Just as Jones has faced censorship and uncivil audiences in many of his lectures throughout the country, Villanova is no stranger to controversies regarding free speech issues. "Conservative or unorthodox speakers at Villanova have always been treated in a hostile manner," Graves contends. Among other attempts to deny free speech rights to conservatives, the College Republicans chairman points to Charlton Heston's visit to the campus two years ago, which sparked failed attempts by students and faculty to deny the Academy Award-winning actor his right to speak, as proof of the campus Left's opposition to free speech. By way of comparison, speakers to the Left of center, such as recent Villanova speaker Noam Chomsky, speak regularly on the campus without incident.

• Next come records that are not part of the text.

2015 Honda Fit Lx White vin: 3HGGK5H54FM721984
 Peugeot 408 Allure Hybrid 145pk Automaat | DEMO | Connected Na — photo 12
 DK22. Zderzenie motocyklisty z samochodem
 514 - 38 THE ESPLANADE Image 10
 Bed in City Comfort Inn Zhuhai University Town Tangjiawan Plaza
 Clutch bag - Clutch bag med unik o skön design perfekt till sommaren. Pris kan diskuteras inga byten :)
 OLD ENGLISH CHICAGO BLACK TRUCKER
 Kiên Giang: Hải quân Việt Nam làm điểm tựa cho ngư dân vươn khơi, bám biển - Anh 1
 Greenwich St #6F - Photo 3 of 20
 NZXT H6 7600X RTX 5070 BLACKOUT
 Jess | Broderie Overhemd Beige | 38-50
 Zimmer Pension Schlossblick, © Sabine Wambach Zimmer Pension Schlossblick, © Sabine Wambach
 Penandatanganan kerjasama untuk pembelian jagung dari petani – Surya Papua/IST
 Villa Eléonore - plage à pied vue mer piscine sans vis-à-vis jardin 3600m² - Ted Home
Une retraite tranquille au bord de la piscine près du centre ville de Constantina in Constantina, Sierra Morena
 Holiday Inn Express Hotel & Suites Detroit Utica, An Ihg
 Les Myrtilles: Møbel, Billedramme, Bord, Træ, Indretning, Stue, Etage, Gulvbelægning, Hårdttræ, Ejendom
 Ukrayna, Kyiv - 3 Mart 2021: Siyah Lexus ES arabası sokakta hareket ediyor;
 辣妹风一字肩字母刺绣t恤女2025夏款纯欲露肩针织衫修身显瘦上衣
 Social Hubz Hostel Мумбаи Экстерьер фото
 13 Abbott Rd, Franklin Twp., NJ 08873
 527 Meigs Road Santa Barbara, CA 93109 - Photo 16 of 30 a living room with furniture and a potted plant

Two years ago, a Villanova administrator stole an entire press run of a conservative newspaper because it revealed a financial arrangement between the Catholic institution and a corporation that funds pro-abortion causes. "We obviously have some serious concerns with the content of The Conservative Column," Tom Mogan, director of student development, declared on the editor's voicemail. "Therefore, I will be removing all the issues of The Conservative Column that I see." Days later and after national attention, the administrator returned the thousands of stolen papers he had stored in his office.
"The main problem I have with the whole thing is the double standard," Graves held, "which is completely obvious."
As for Dr. Glover, she told Campus Report, "The campus response to my presence at the Jones talk has been overwhelmingly positive and supportive. I've received e-mails, voicemails, handshakes and warm comments from a diverse range of folks-both students and faculty."